Actually, I believe that this is not an unimportant comment. Quite a few
times in the past I have installed NetBSD on an i386 and edited the
partitioning on the machine to be different than the default partitions and
then had the machine not boot. The way I did get it to boot was to accept at
least the default size and position for /. This happened to me as recently
as a year ago when a friend wanted a new DNS server for the local school
system and had an old PC ready for the job using NetBSD. I did a partition
job that looks like the new layout and the machine didn't boot. I went back
to sysinst's original size and content for / and then it booted great.
I don't see this BIOS problem going away for quite a while. I would assume
that many new users might say "Let me try NetBSD on this old machine."

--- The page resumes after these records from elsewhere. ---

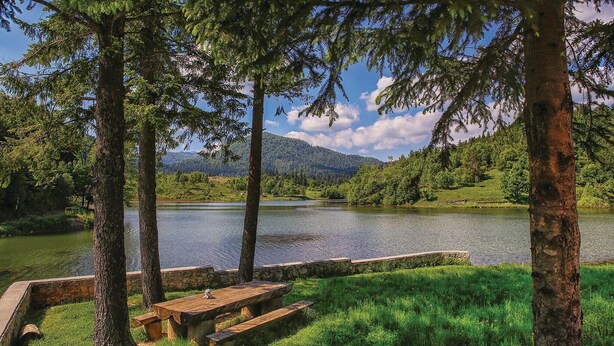 Un espace de pique-nique au bord du lac, avec un banc en pierre et une table de pique-nique, le tout entouré d’arbres.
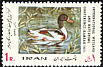 Common Shelduck Tadorna tadorna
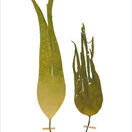 Oar Weed (pair) - Pressed Seaweed Print - A3 additional 1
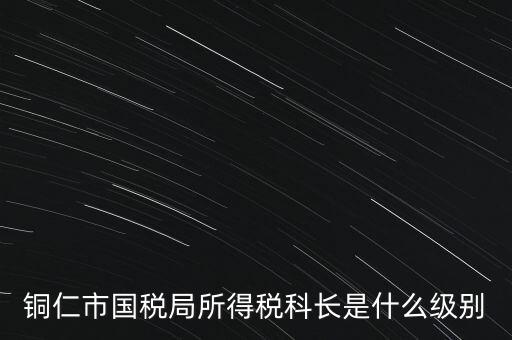 地稅局股長是什么級別，地稅里的職位 股長是什么級別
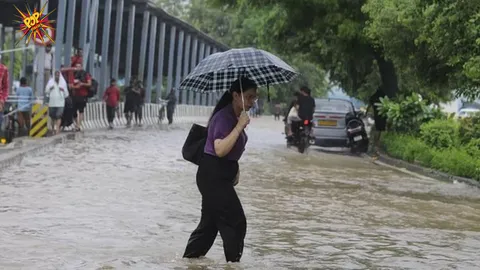 DELHI RED ALERT:  Schools closed, 5 dead, roads submerged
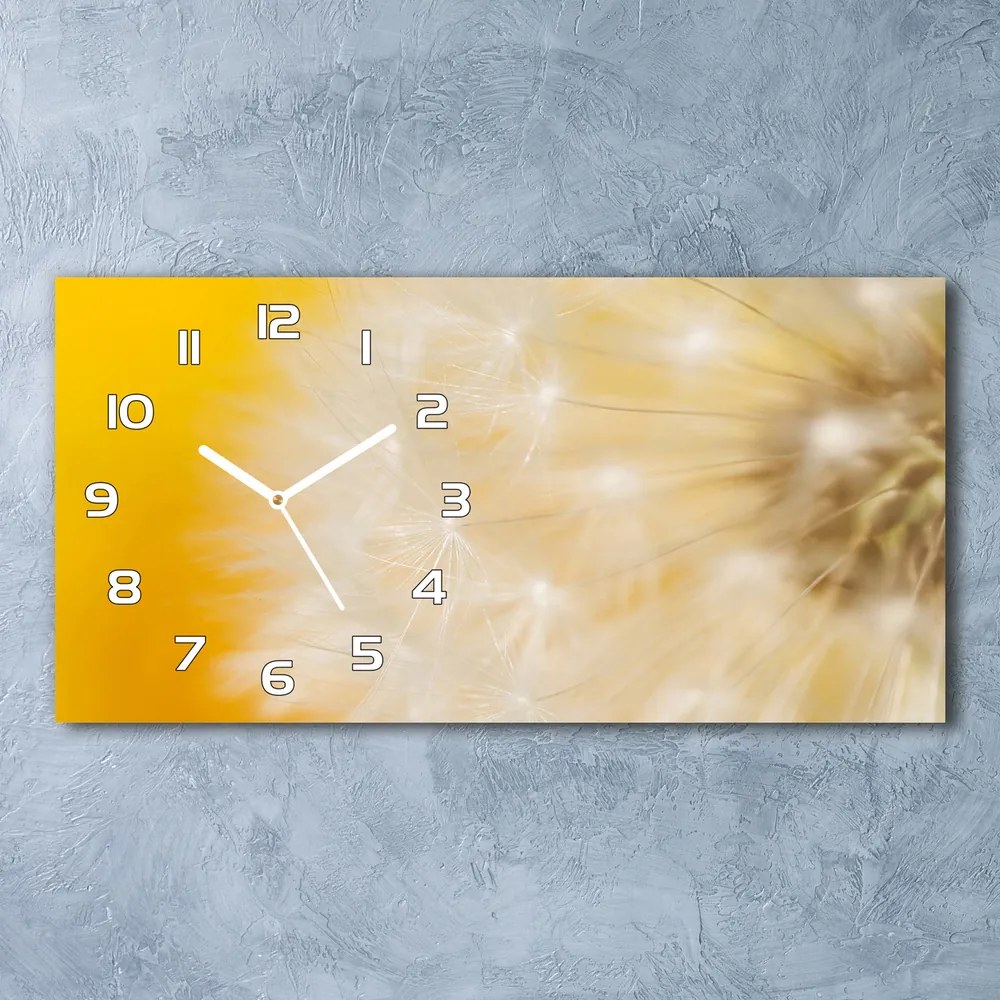 Moderné sklenené hodiny na stenu Púpava pl_zsp_60x30_f_23051782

Sysinst MUST be able to put a working distribution on these old machines
without the user having much experience or knowing about the BIOS problems
that the old machines had with large disks. I remember spending quite a bit
of effort on making sure that sysinst made / of the proper size and located
in the right place for the BIOS addressing limitations of old PCs.
I do support adding configurations, but there must be a way to get the current
partitioning for older machines. (Well, at least a default partitioning on
the older machines that will work with the limits to the BIOS addressing.)
Also, there were several considerations to the size of /var that need to be
addressed. First, if one wants to save any crash information, it goes in
/var/crash and that was part of the reason for having / being 2xRAM +
some size so that at least 2 crash dumps could be put on /var/crash without
running out or disk space. If /var/crash is smaller than RAM, you can't
save a full crash dump. Also, I believe that if swap is smaller than RAM you
can't get a crash dump either.
So it is possible that sysinst should ask a series of questions about the
machine and intended use that dictates a default partitioning.
I am still convinced that it is still reasonable to have / be a limited size
file system that does not contain /usr or /home.